Rowan Osborne
- Date of birth: 3 November 1996 (age 28)
- Place of birth: Eadestown, Ireland
- Height: 1.70 m (5 ft 7 in)
- Weight: 78 kg (12.3 st; 172 lb)

Rugby union career
- Position(s): Scrum-half

Amateur team(s)
- Years: Team / Apps / (Points)
- Naas /  / ()
- Dublin University /  / ()

Senior career
- Years: Team / Apps / (Points)
- 2019–2021: Leinster / 11 / (5)
- 2021–2022: Munster / 2 / (0)
- Correct as of 2 October 2021

International career
- Years: Team / Apps / (Points)
- Ireland U18
- Irish Universities

= Rowan Osborne (rugby union) =

Irish rugby union player

Rowan Osborne (3 November 1996) is an Irish former rugby union player.

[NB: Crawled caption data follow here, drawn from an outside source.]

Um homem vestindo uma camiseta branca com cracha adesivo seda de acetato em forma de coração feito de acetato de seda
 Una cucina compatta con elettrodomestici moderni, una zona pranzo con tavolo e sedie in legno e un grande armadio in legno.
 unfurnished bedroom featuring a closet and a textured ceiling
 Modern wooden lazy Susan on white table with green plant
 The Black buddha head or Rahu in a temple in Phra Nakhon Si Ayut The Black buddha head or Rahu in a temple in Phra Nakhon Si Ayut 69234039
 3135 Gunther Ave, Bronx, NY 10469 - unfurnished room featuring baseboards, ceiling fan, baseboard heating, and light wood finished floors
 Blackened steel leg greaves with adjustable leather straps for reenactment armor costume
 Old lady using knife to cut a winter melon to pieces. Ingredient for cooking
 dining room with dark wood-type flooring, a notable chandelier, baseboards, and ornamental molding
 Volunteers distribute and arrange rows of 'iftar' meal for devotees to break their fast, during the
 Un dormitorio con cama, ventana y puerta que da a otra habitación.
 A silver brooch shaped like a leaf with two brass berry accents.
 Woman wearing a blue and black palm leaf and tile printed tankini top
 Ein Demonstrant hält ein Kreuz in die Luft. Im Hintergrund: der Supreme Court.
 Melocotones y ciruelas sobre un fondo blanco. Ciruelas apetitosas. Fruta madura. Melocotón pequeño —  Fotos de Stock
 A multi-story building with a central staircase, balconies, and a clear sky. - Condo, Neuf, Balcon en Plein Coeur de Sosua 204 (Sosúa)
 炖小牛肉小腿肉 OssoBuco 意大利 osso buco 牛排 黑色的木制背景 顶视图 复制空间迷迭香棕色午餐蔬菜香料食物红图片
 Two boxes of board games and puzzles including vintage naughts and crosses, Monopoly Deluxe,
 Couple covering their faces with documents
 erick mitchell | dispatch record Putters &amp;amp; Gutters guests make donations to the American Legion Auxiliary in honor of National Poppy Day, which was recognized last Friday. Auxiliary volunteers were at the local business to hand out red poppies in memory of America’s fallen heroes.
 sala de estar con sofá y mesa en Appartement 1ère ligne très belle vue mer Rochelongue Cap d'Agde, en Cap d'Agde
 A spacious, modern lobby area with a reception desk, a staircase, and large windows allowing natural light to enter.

He played as a scrum-half and represented Dublin University in the amateur All-Ireland League.

==Leinster==
Whilst playing amateur rugby in the All-Ireland League for Dublin University, Osborne was recommended to Leinster during their 2019–20 pre-season training by Noel McNamara, an elite player development officer with the province, and Tony Smeeth, one of the coaches at Dublin University. He made his debut of the bench for the province in their 53–5 win against Welsh side Ospreys in round 2 of the 2019–20 Pro14 on 4 October 2019, before featuring off the bench again one week later, scoring his first try for the province in their 40–14 win against Scottish side Edinburgh.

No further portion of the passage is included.